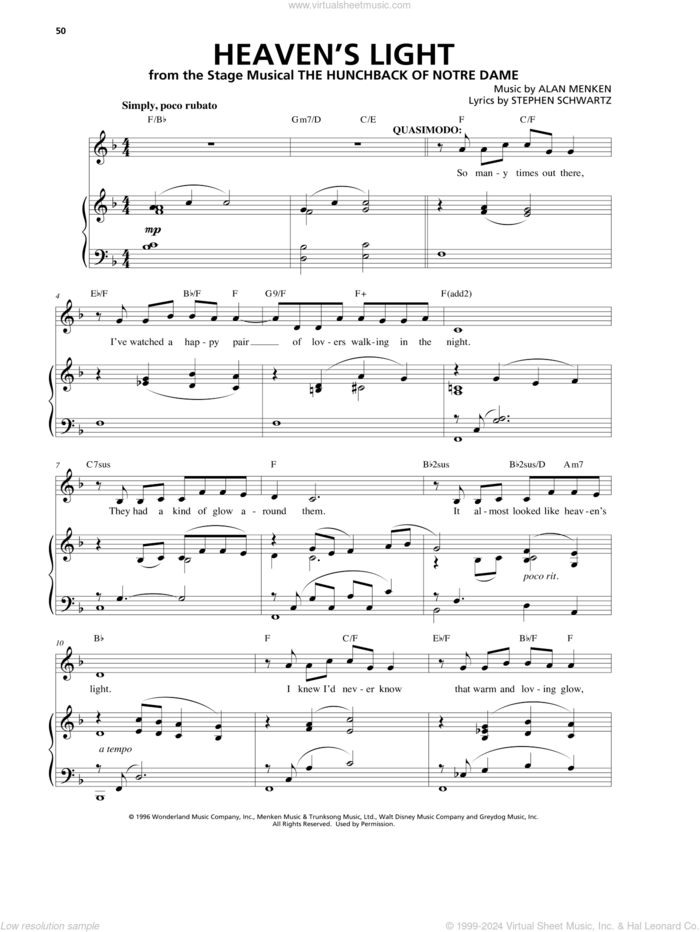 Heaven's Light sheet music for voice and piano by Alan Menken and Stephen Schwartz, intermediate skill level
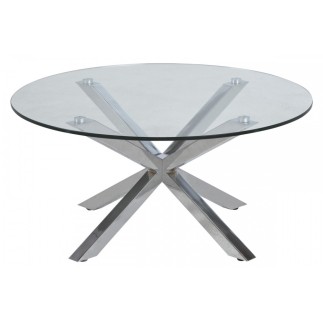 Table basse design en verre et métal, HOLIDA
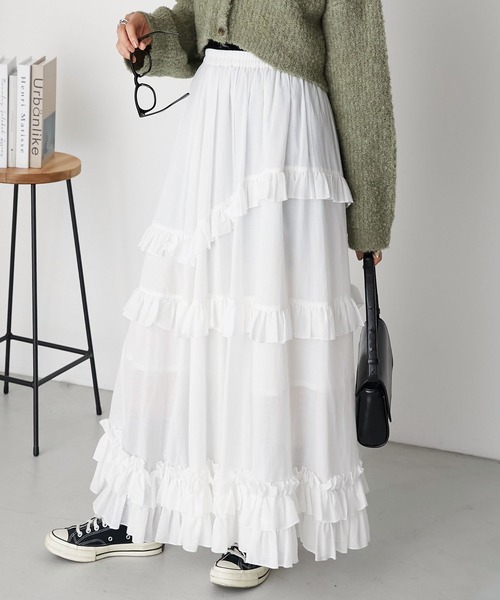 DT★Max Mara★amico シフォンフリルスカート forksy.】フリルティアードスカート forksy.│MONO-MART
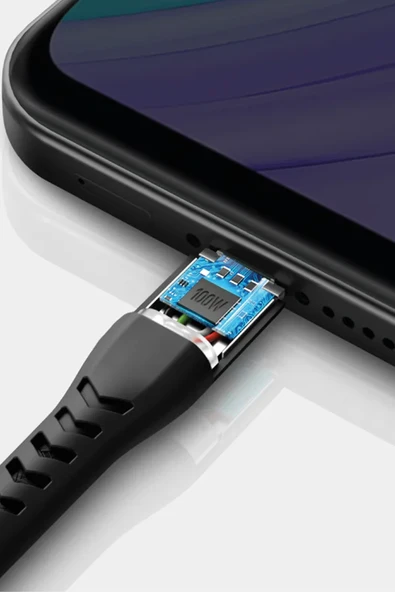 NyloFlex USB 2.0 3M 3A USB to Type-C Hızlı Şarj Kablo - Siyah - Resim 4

- TASK DETAILS:
What is needed is a word-for-word restatement of the lines from the one holding "DT★Max Mara★amico シフォンフリルスカート" to the final line of the data above, inclusive, without any pictures.

- EXERCISE OUTPUT:
 DT★Max Mara★amico シフォンフリルスカート forksy.】フリルティアードスカート forksy.│MONO-MART
 NyloFlex USB 2.0 3M 3A USB to Type-C Hızlı Şarj Kablo - Siyah - Resim 4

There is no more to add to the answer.